Siri May Get Smarter by Learning from Its Mistakes

Apple’s voice assistant, Siri.

Try holding even a short conversation with Siri, Cortana, or Alexa and you may end up banging your head against the nearest wall in frustration.

Voice assistants are often good at responding to simple queries, but they struggle with complicated requests or any sort of back-and-forth. This could start to change, however, as new machine-learning techniques are applied to the challenge of human-machine dialogue in the next few years.

Speaking at a major AI conference last week, Steve Young, a professor at the University of Cambridge who also works part time on Apple’s Siri team, talked about how recent advances are starting to improve dialogue systems. Young did not comment on his work at Apple but described his academic research.

Early voice assistants, including Siri, used machine learning for voice recognition but responded to language according to hard-coded rules. This is increasingly changing as machine-learning techniques are applied to parsing language (see “AI’s Language Problem”).

Young said in particular that reinforcement learning, the technique DeepMind used to build a program capable of beating one of the world’s best Go players, could help advance the state of the art significantly. Whereas AlphaGo learned by playing thousands of games against itself, and received positive reinforcement with each win, conversational agents could vary their responses and receive positive (or negative) feedback in the form of users’ actions.

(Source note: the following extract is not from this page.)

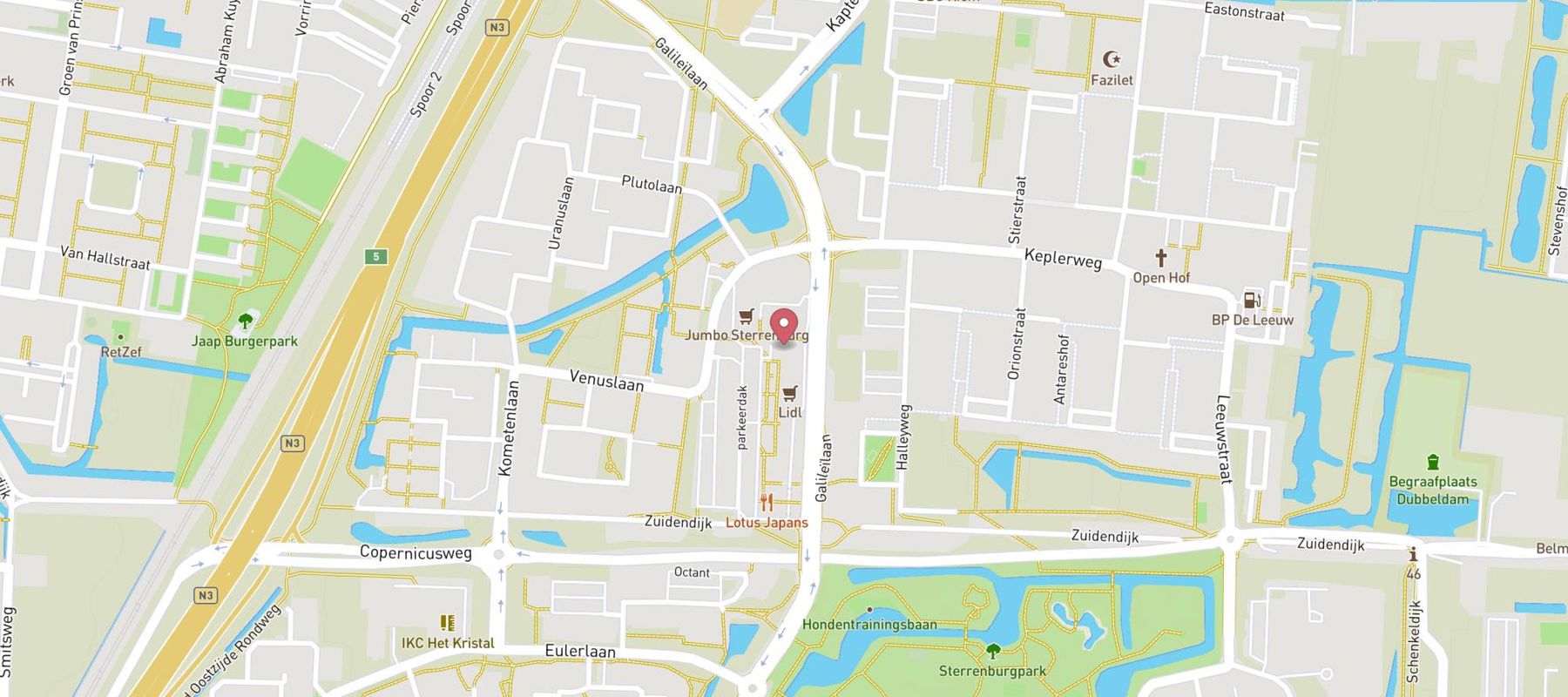Blokker Dordrecht P.A. de kokplein map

“I think it’s got to be a big thing,” Young said of reinforcement learning when I spoke to him after his talk. “The most powerful asset you have is the user.”

Young said that voice assistants wouldn’t need to vary their behavior dramatically for this to have an effect. They might simply try performing an action in a slightly different way. “You can do it in a very controlled way,” he said. “You don’t have to do daft things.”

During his talk, Young explained why parsing language is so difficult for machines. Unlike image recognition, for example, language is compositional, meaning the same components can be rearranged to produce vastly different meanings. Another key challenge with language is that it offers only an incomplete glimpse of what another person is thinking, so it is often necessary to make guesses about what a phrase or sentence means. On a practical level, as a spoken query gets longer, interpreting it often requires merging knowledge from different domains. For instance, a complex query about a restaurant may require an understanding of time, location, and food.

Still, Young believes that the time is right for conversational assistants to get a whole lot better. “The commercial demand is there, and the technology is there,” he says. “I think over the next five years you will see really significant progress.”

Young joined Apple after the company acquired his startup, VocalIQ, in 2015. Apple has been accused of falling behind competitors in the race to exploit technology based on advances in machine learning and AI, but Young’s work suggests that this is far from true. And the company has also been making efforts to open up its AI research in order to attract top talent. The company recently hired Ruslan Salakhutdinov, a professor from Carnegie Mellon University, to serve as its first director of AI, and its researchers have begun presenting and publishing papers for the first time (see “Apple Gets Its First Director of AI”).

Apple isn’t the only company interested in conversational technology, of course. Amazon’s Alexa—a device for the home that relies entirely on voice control—has become a hit, and other companies have rushed to develop similar home helpers. Google’s offering, called Google Home, uses particularly advanced language-parsing techniques (see “Google’s Assistant Is More Ambitious Than Siri and Alexa”).

Researchers at IBM, in collaboration with a team from the University of Michigan, are also experimenting with conversational systems that exploit reinforcement learning. Satinder Baveja, a professor at the University of Michigan who is involved with that project, says reinforcement learning offers a powerful new way to train dialogue systems, but he doesn’t think Siri attain truly human-like communication skills in his lifetime.

“These systems will begin to use richer context,” he says. “Although I do think that they will remain limited in scope, addressing specific tasks like restaurant reservations, travel, tech support, and so on.”